___ Exercise input

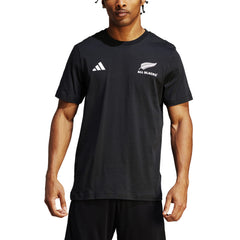 Maglietta da rugby All Blacks di Adidas: maglietta ufficiale in cotone nero con il logo degli All Blacks e il marchio Adidas.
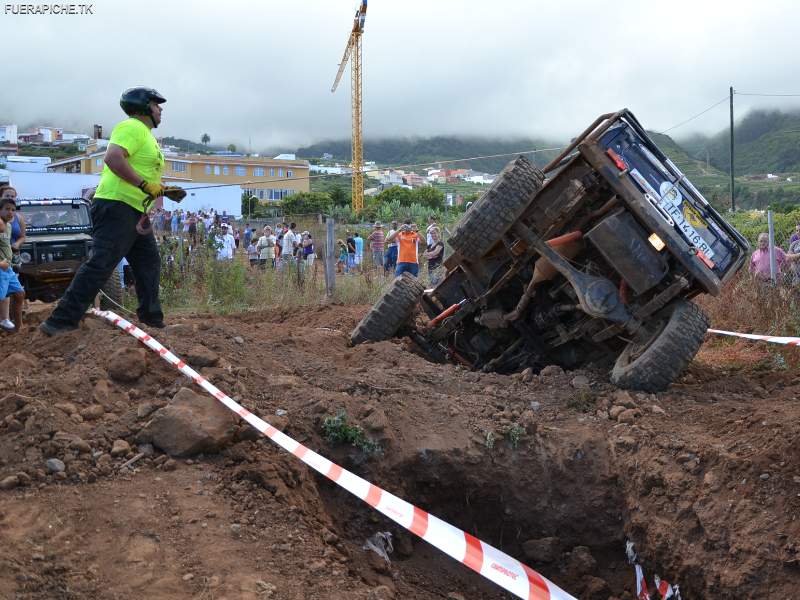 Suzuki Samurai trial 4x4
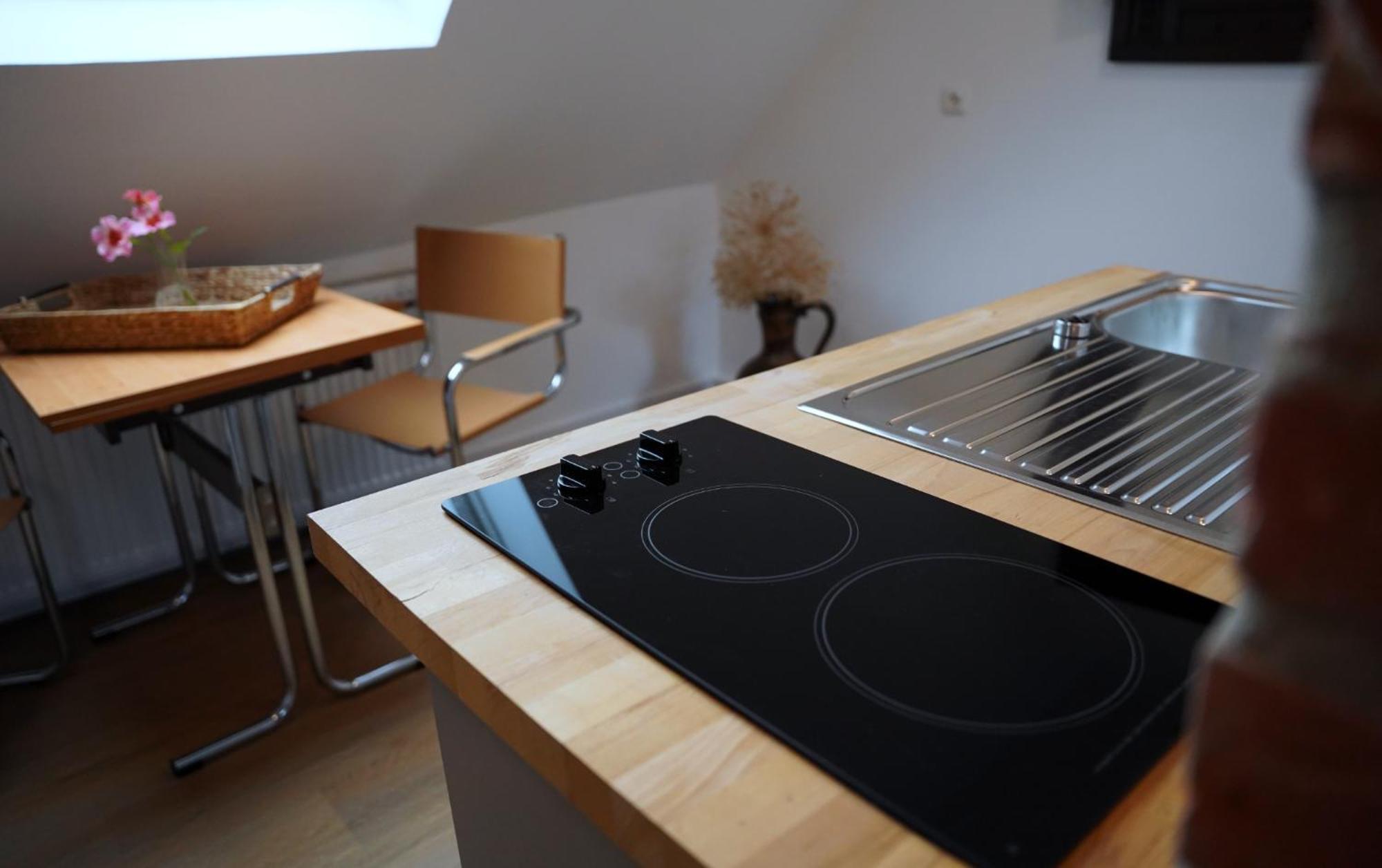 Studio Apartment - Photo 20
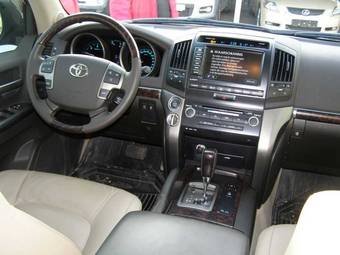 2008 Toyota Land Cruiser Photos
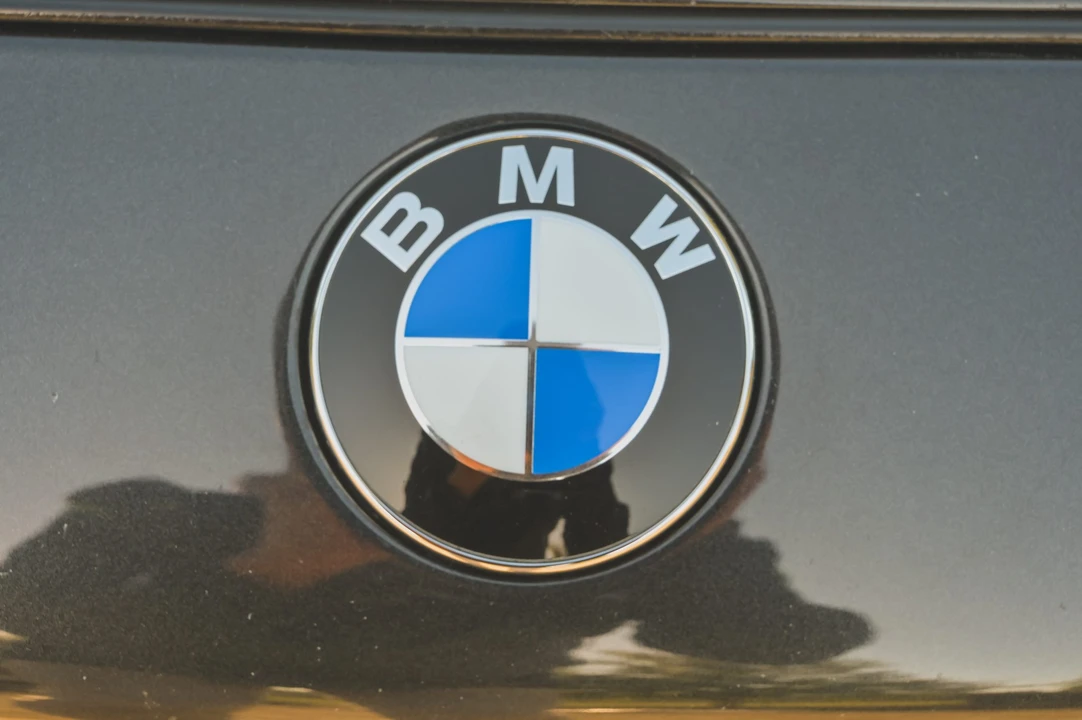 1993 BMW E31 850i & 850Ci - Image 24 of 31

______

**What to do:**
No pictures should appear in the copy. Reproduce exactly the lines from the line containing "Suzuki Samurai trial 4x4" through the last line of the data, inclusive.

**Task output:**
 Suzuki Samurai trial 4x4
 Studio Apartment - Photo 20
 2008 Toyota Land Cruiser Photos
 1993 BMW E31 850i & 850Ci - Image 24 of 31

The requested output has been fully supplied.